Hand-held oscillating power tools are very useful for performing cuts and other operations that cannot be achieved with rotary power tools, such as rotary saws. For instance, oscillating tools are very well-suited for making flush cuts, and are useful to perform various sanding and grout removal operations. One known oscillating power tool 10 is shown in FIGS. 1B, 1C performing two types of cuts in a workpiece surface S. Oscillating tools do not include a substantial foot for supporting and guiding the tool as the blade is moved across the work surface. In contrast, circular saws are provided with a substantial foot to support the weight of the tool and to provide a solid plane to counteract cutting forces

In order for the teeth of the cutting blade of an oscillating tool to cut through a workpiece, the angle of the tool body and the depth of the blade within the workpiece must coincide in order for the blade to work through the thickness of the workpiece. However, oscillating blades are typically very thin in order to keep the oscillating inertia to a minimum. The thin blades tend to bend and curve when cutting through a workpiece, particularly since the oscillating tool is not provided with a solid support foot. On the other hand, adding a large foot, as found on a circular saw, adds friction that hampers the ability to move the tool along the workpiece surface, and adds inertia that makes the tool unwieldy when trying to compensate for the blade curving.

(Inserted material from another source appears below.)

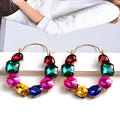 Luxury Crystal Beads Hoop Earrings for Women Geometric Hollow Shiny Rhinestone Dangle Drop Earring Party Fashion Jewelry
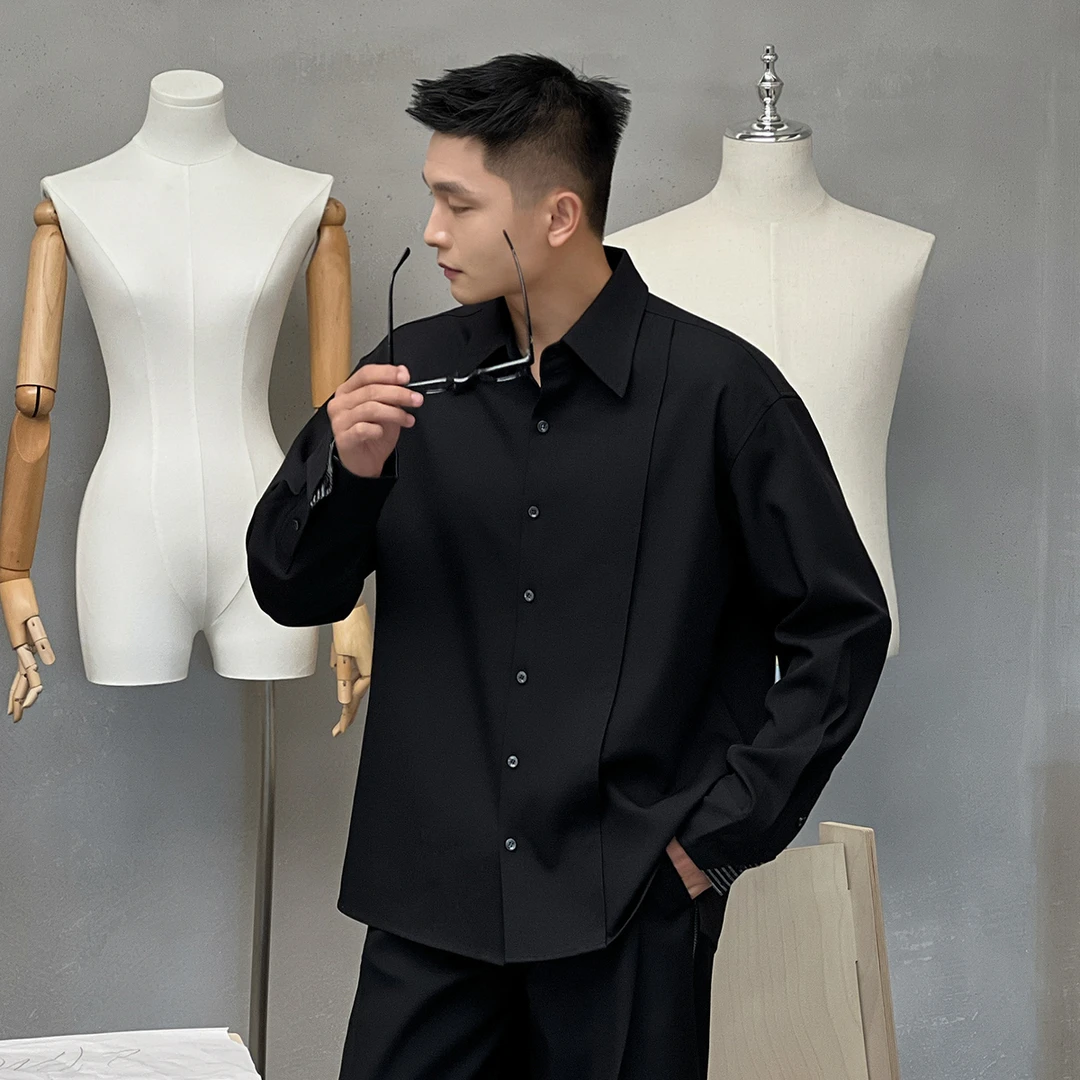 二十二号穿搭【通勤小心机】条纹拼接侧边裁片设计款衬衫男士高级感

Oscillating tools are often provided with accessories to add a depth guide or a foot. For instance, accessories 11 shown in FIG. 1A may be provided for attachment to a tool, such as the tool 10. The accessories include a mounting collar 15 that is clamped to a surface of the power tool adjacent the blade drive. The collar includes a fixture 16 for mounting a depth guide 18, shown in use in FIG. 1B, and a foot 19, shown in use in FIG. 1C. The foot 19 includes an adjustable shaft 19a that is engaged in the fixture 16 to provide a variable distance of the foot 19 from the tool 10. Both accessories 18, 19 provide means to control the depth of the cutting blade of the tool into the workpiece surface S. However, neither accessory provides the same level of support and load bearing capability found in the circular saw foot, and neither accessory provides means for supporting the oscillating power tool at an optimum angle relative to the workpiece surface.

SUMMARY

A guide foot is provided for use in supporting an oscillating power tool on a workpiece during the performance of a cut. In one aspect, the foot includes a plate defining a recess for supporting the body of the power tool at an optimum or desired angle relative to the workpiece. The foot also ensures that the cutting blade extends above and below the workpiece when making a straight cut in order to reduce the ill effect of chips impinging on the blade during a cut. In one feature, the foot includes a plurality of roller elements adapted for rolling engagement with the workpiece as the foot is navigated along the surface of the workpiece while performing a cut.

In another aspect, the foot may include an adjustable support to adjust the angle of the power tool relative to the workpiece. In yet another feature, the recess may be provided as a recess insert that is fitted within a corresponding cut-out in the plate. A plurality of recess inserts may be provided that conform to the configuration of different power tool bodies.

DESCRIPTION OF THE FIGURES

FIG. 1A is a top view of accessories for use with the oscillating power tool shown in FIGS. 1B, 1C.

FIG. 1B, 1C are perspective views of a prior art oscillating power tool shown with accessories of FIG. 1A for use in performing two types of cuts.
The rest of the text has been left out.